9. The mechanism of claim 1, wherein the at least one lever member is affixed to the rotatable member by a method selected from the group consisting of welding, brazing, and fastening.

10. The mechanism of claim 9, wherein the method of fastening is selected from the group consisting of bolting, riveting, and screwing.

11. The mechanism of claim 1, further comprising a ratcheting mechanism in rotational communication with the rotatable member and the at least one lever member, and adapted to restrict the rotation of the rotatable member to one direction.

12. The mechanism of claim 11, wherein the ratcheting mechanism comprises at least one set of ratchet teeth disposed about a perimeter of the rotatable member, and at least one pawl member in a reversibly engageable relation with the at least one set of ratchet teeth.
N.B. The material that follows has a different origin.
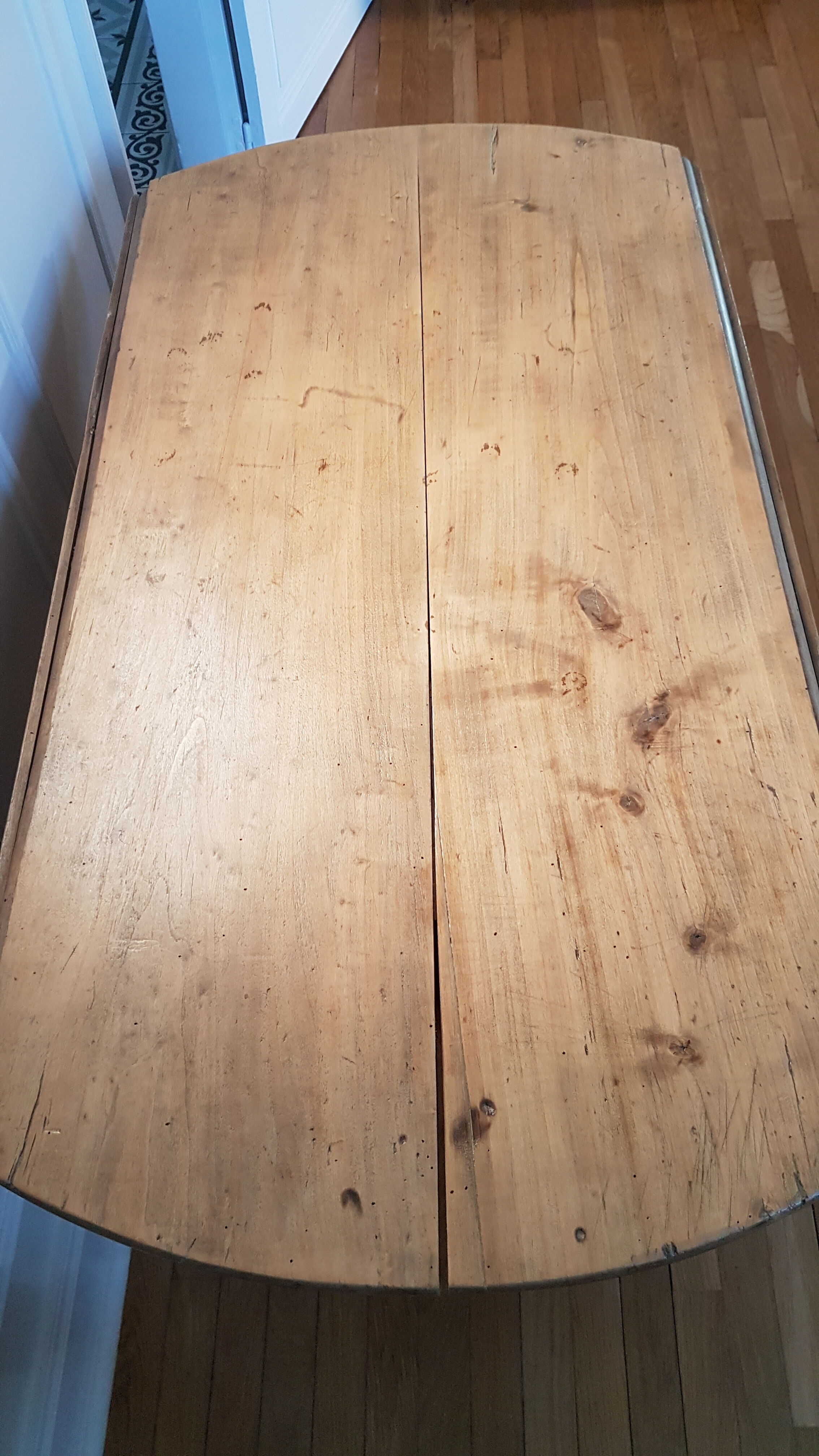 Round table with flaps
13. The mechanism of claim 12, wherein the ratcheting mechanism further comprises a pawl-disengagement member in lifting communication with the pawl of the ratchet and adapted to lift the pawl from the ratchet teeth and disengage the ratchet.

14. The mechanism of claim 1, wherein the rotatable member is disposed between a seat and a seat-back of a vehicle seat.

15. The mechanism of claim 1, wherein one or more of the rotatable member, the at least one lever member or the at least one anchor member comprise a material selected from the group consisting of organic polymer, a metal, an alloy, a composite material, and a fiberglass material.

16. A system for installing a child safety seat, comprising:

a rotatable member having a first end and a second end spaced apart from the first end defining a longitudinal rotational axis, the rotatable member comprising a lower portion of a child safety seat installation system;

at least one anchor member having a first end connected to the rotatable member, a second end connected to the rotatable member, and a portion between the first end and the second end defining a gap between the anchor member and the rotatable member, the at least one anchor member being adapted to receive a lower tethering means in a secure relation;

at least one lever member connected to the rotatable member and extending away from the longitudinal rotational axis; and

an upper anchor member disposed at a location above the rotational member and adapted to receive an upper tethering means in a secure relation, the upper anchor member comprising an upper portion of a child safety seat installation system.

17. A seat tightening mechanism, comprising: an anchoring means for anchoring a child safety seat to a vehicle seat with a tethering means; a force-accepting means for accepting an applied force and converting the applied force into a torque for rotating the anchoring means about an axis; and a torque-transferring means for transferring torque from the force accepting means to the anchoring means.